1. Why does the "colour=fact_colour" not separate WT step 1 from KO step 1 as it does if i reduce the data set to step 1 only (without group):
-----

p <- ggplot(subset(df.d, step==1)) +

geom_line(aes(timep, amplitude, colour=fact_colour)) +

scale_colour_manual(name='', values=c('black', 'red'), guide='legend',

breaks=c('WT', 'KO'), labels=c('Control', 'Gene'))

print(p)

------

I would expect this separation is still active if i add the second separation "group=fact_step".

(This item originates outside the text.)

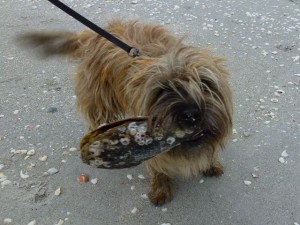 puppy with pen shell seashell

2. I still have no idea why the colours in my previous example with two separate geom_line statements gets exchanged. It would be very helpful to have an idea what i am missing here.

Thanks,

Herbert

one_step_only.png

Brandon Hurr

unread,
Jun 26, 2012, 5:38:23 AM6/26/12
to Herbert Jägle, Dennis Murphy, ggp...@googlegroups.com
Technically it doesn't... If you add the group=fact_step you get the bad lines again...

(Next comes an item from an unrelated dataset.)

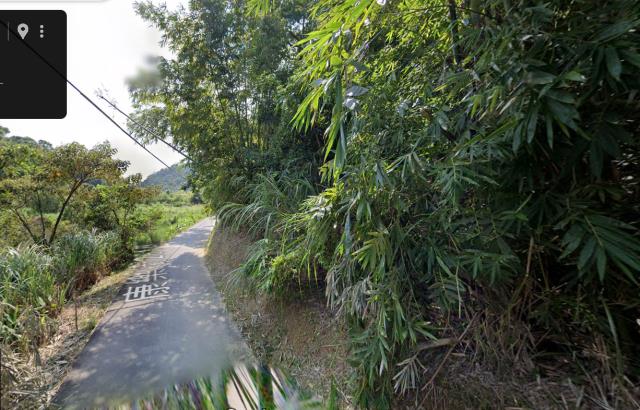 台北法拍種菜地-3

ggplot(subset(df.d, step==1)) +

geom_line(aes(timep, amplitude, colour=fact_colour, group=fact_step)) +
scale_colour_manual(name='', values=c('black', 'red'), guide='legend',
breaks=c('WT', 'KO'), labels=c('Control', 'Gene'))

RE: color... I'm not sure. I think when you are defining the color in your independent geom_line() calls you need to specify the color directly outside of the aes() (e.g. geom_line(aes(x=x, y=y, group=group), color="red")... when I did that the legend disappeared though. 

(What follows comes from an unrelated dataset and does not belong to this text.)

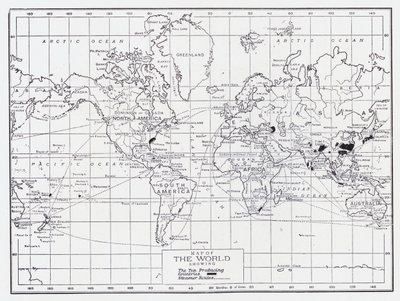 Mapa del mundo mostrando los países productores de té de English School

Dennis is very good with these things, perhaps he can chime in whenever the sun is up where he lives. 

B

Dennis Murphy

unread,
Jun 26, 2012, 9:23:11 AM6/26/12
to Brandon Hurr, Herbert Jägle, ggp...@googlegroups.com
Hi:

The only thing I can see differently is that you can use the
interaction() function to get combinations of fact_colour and
fact_step and then use that as the grouping factor.

df.d <- data.frame(pgroup=c(rep('WT', 100), rep('KO', 100)),
step=rep(c(rep(1, 50), rep(2, 50)), 2),
timep=rep(c(1:50), 4),
amplitude=c(sin(1:50), 2*sin(1:50), 3*sin(1:50), 4*sin(1:50)),
se=rep(c(0.18, 0.2, 0.22, 0.25), 50))
df.d$fact_step <- factor(df.d$step, levels=unique(df.d$step),
labels=unique(df.d$step), ordered=TRUE)
df.d$fact_colour <- factor(df.d$pgroup, levels=c('WT', 'KO'), ordered=TRUE)
df.d$fact_colstep <- with(df.d, interaction(fact_step, fact_colour))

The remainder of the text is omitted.